WHAT THE EXERCISE ASKS
Repeat every record word for word and omit the images.

==== TASK INPUTS ====

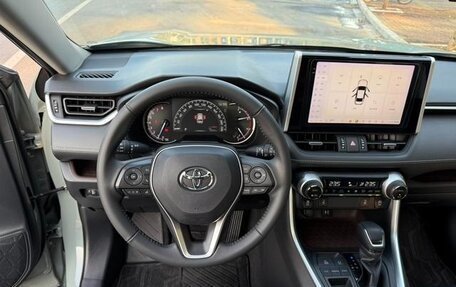 Toyota RAV4, 2020 год, 2 110 000 рублей, 8 фотография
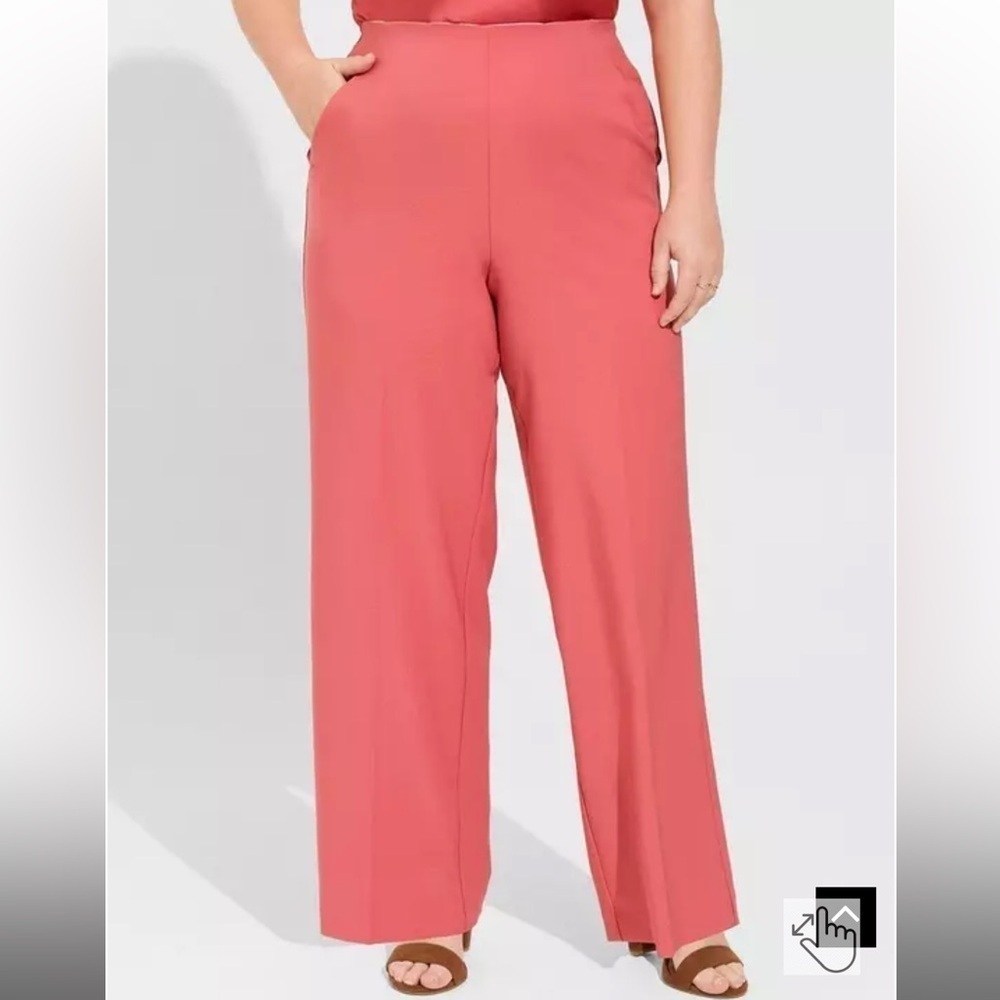 Torrid Pull-On Wide Leg Studio Refined Crepe High-Rise Pant Size 1 Short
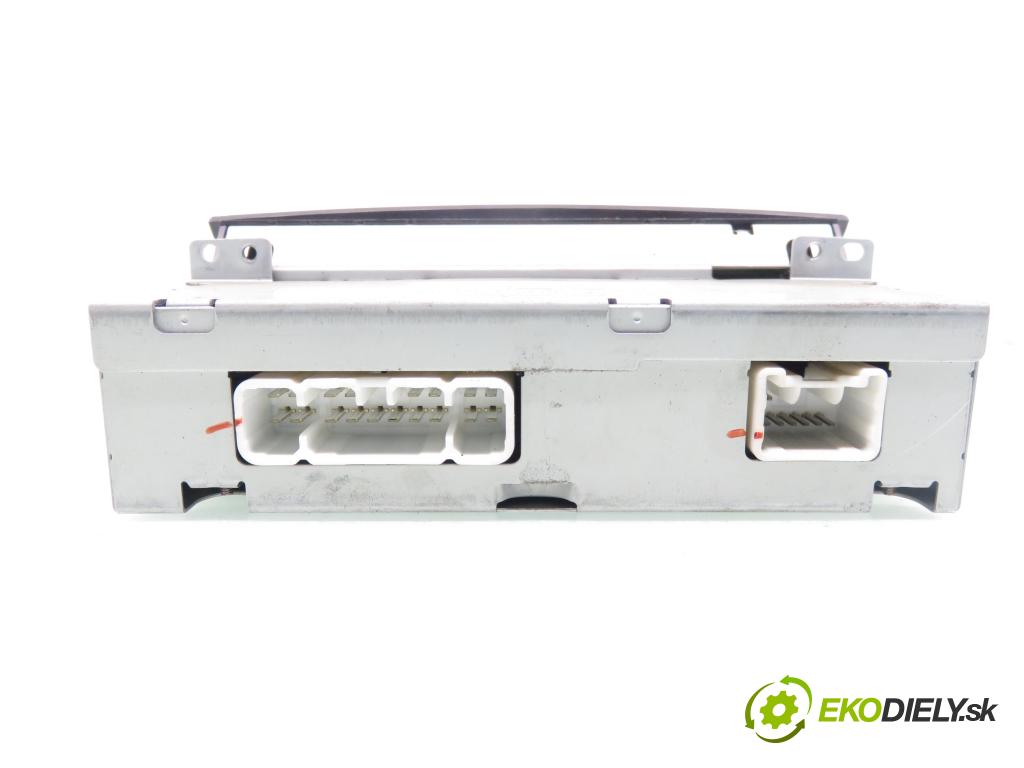 TOYOTA YARIS (_P1_) HB 2000 50,00 1.0 VVT- i 68 - 1SZ-FE 998,00 RADIO 861200D020 ; 8611052021B0 ; TF0411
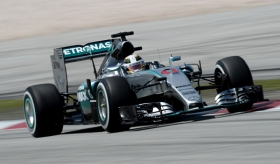 Hamilton en la pole en el GP de Malasia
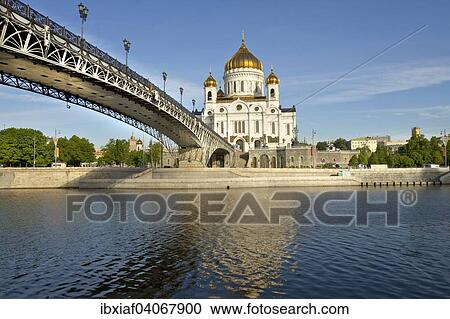 "Cathedral of Christ the Saviour and Patriarshy Bridge over Moskva River, Moscow, Russia, Europe" View Large Photo Image Stock Image - "Cathedral of Christ the Saviour and Patriarshy Bridge over Moskva River, Moscow, Russia, Europe". Fotosearch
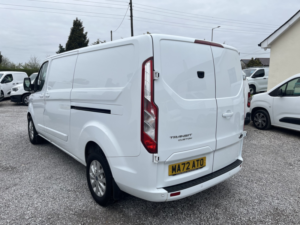 2022 Ford Transit Custom 2.0 Transit Custom Limited Van 300 L2 2.0l Ecoblue 130ps Fwd 6 Speed Manual in White — image 6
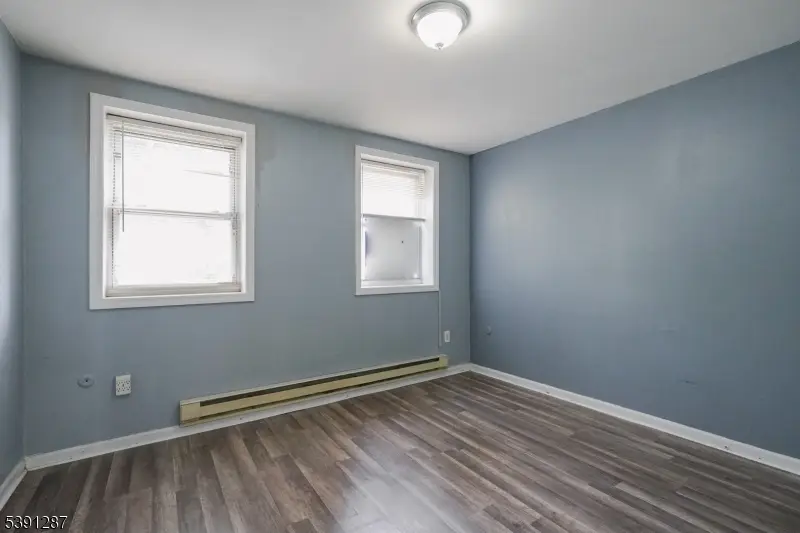 600 N 6th St, Newark, NJ 07107 - #3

====

SOLUTION BELOW
 Toyota RAV4, 2020 год, 2 110 000 рублей, 8 фотография
 Torrid Pull-On Wide Leg Studio Refined Crepe High-Rise Pant Size 1 Short
 TOYOTA YARIS (_P1_) HB 2000 50,00 1.0 VVT- i 68 - 1SZ-FE 998,00 RADIO 861200D020 ; 8611052021B0 ; TF0411
 Hamilton en la pole en el GP de Malasia
 "Cathedral of Christ the Saviour and Patriarshy Bridge over Moskva River, Moscow, Russia, Europe" View Large Photo Image Stock Image - "Cathedral of Christ the Saviour and Patriarshy Bridge over Moskva River, Moscow, Russia, Europe". Fotosearch
 2022 Ford Transit Custom 2.0 Transit Custom Limited Van 300 L2 2.0l Ecoblue 130ps Fwd 6 Speed Manual in White — image 6
 600 N 6th St, Newark, NJ 07107 - #3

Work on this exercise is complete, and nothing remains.